The Committee’s first concern relates to the delegation to employment services providers (rather than just Centrelink officers) the power to issue reconnection requirements to job seekers. This, the Explanatory Memorandum argues, should ensure that job seekers ‘receive the opportunity to comply with a reconnection requirement as quickly as possible and that the reconnection appointment is scheduled for a time at which the job seeker could reasonably be expected to attend’. It is intended that ‘the reconnection appointment would be scheduled to occur for a time no more than two business days from the date the person contacted their provider’. Should an employment services provider not be in a position to issue a reconnection appointment promptly, the Explanatory Memorandum observes that it is within the Secretary’s powers under paragraph 42SA(2)(b) of the SSAA to reinstate the payment before attendance at a reconnection appointment, where this is deemed appropriate.
Given that one of the main objectives of the Bill is to improve job seeker attendance at appointments, the Committee is concerned that where job seekers do attempt to schedule a reconnection appointment they should not be penalised with a payment suspension due to circumstances beyond their control. The Committee has sought the Minister’s advice as to ‘whether consideration has been given to an amendment which would require (rather than enable) the Secretary to reinstate payment when a job seeker is unable to be issued with a reconnection appointment within two business days from the date the person contacted their employment provider’.

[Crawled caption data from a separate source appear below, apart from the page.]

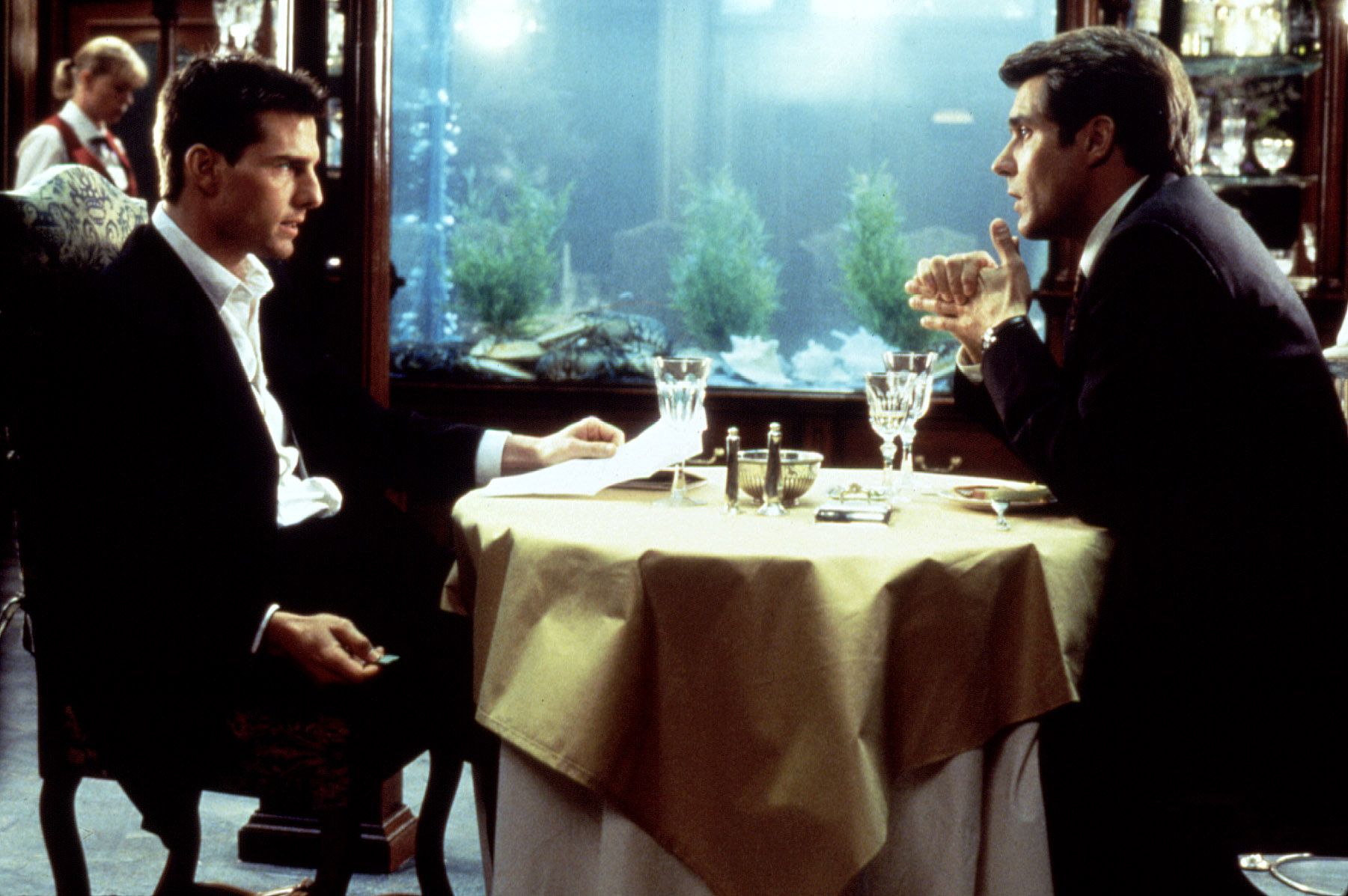 Tom Cruise facing Henry Czerny in a restaurant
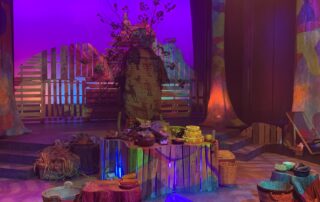 A colorful stage set with wooden props, baskets, and tree stumps under warm lighting evokes the mystical tale of Th'owxiya. A backdrop of purple and blue hues creates an enchanting ambience, with a central structure resembling a large, decorated egg surrounded by branches.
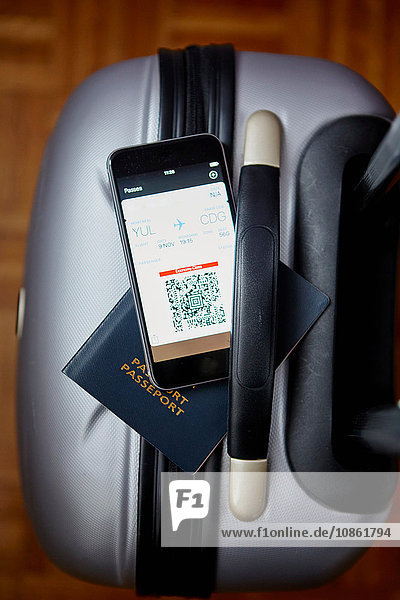 Gepackter Koffer mit Reisepass und Smartphone im Gleichgewicht  Draufsicht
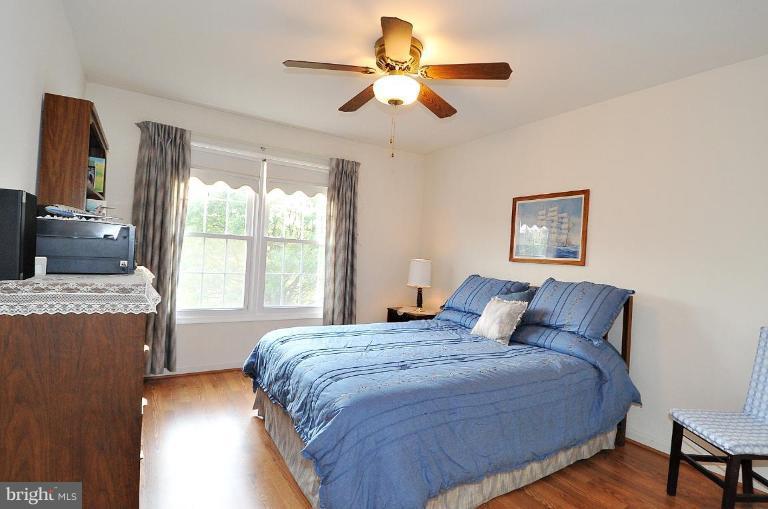 4107 Ulster Road Beltsville, MD 20705 - Photo 16 of 21 a bedroom with a large bed and a chandelier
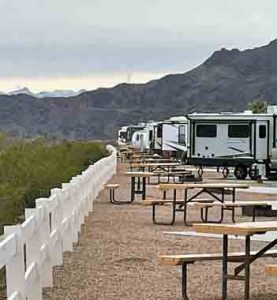 A row of RVs lines a gravel campground with picnic tables and a white fence, set against rugged desert mountains.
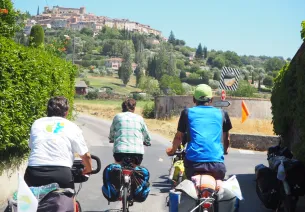 Cyclistes chargés et village à vue
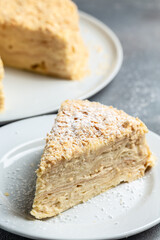 pieces of cake Napoleon on plate, multi layered cake with pastry cream, vertical image. top view
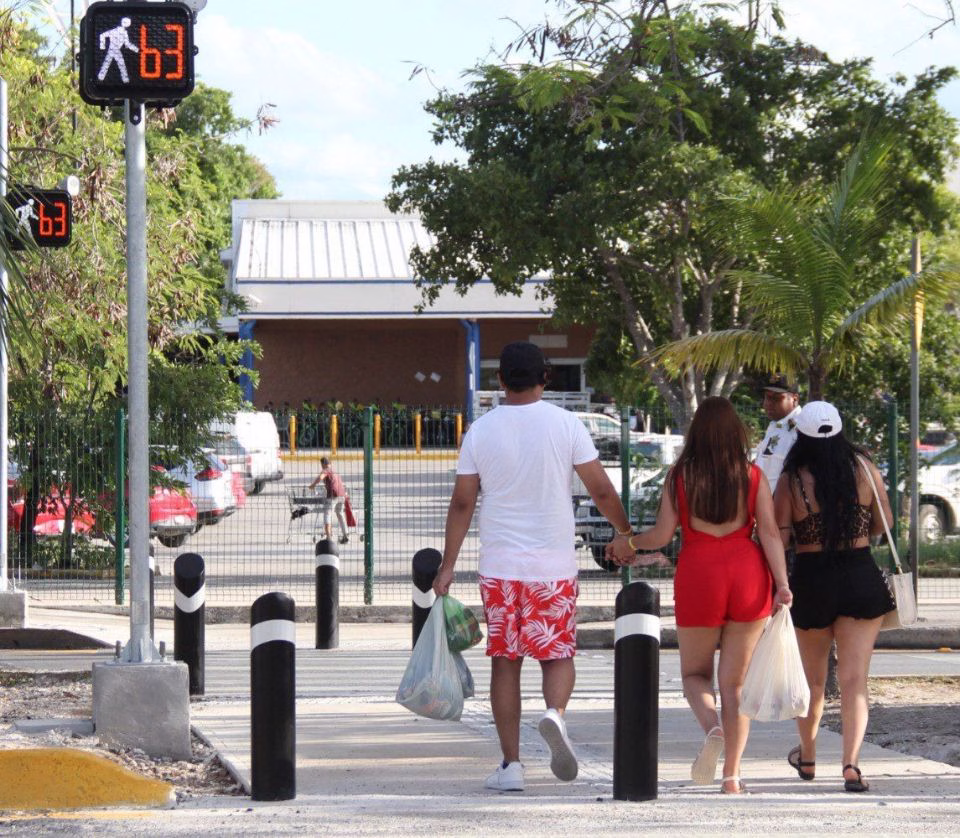Personas cruzan una vialidad urbana utilizando infraestructura peatonal en Quintana Roo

Principal solicitor of the Welfare Rights Centre, Matthew Butt, has similarly observed that, in his view, the Bill should be amended to include ‘a new provision obliging the Minister to issue a legislative instrument determining matters which Centrelink must take into account when deciding whether to end a period of suspension early, including the inability of a provider to provide a rescheduled appointment within two business days’. Butt goes on to argue that ‘at the very least, the Government should commit to issuing policy guidance to Centrelink to ensure consistency in the exercise of the discretion to end the suspension early in these cases’.
The Committee goes on to express similar concerns about the changes which allow the Secretary to withhold a greater proportion of a person’s payment (new subsection 42SA(2A), at item 8 of Schedule 1). The Explanatory Memorandum notes that ‘it is intended that in practice flexible arrangements would be put in place to ensure that these amendments would not result in a job seeker experiencing undue delay in receiving payment’. Given the scope for abuse and/or neglect in relation to this amendment, and the potential gravity of their impact on job seekers, the Committee has sought clarification from the Minister. It has asked for further details about the ‘flexible arrangements,’ ‘including whether the Department or employment services providers will be responsible for their implementation,’ and ‘whether consideration has been given to including protections against undue delay in the legislation’.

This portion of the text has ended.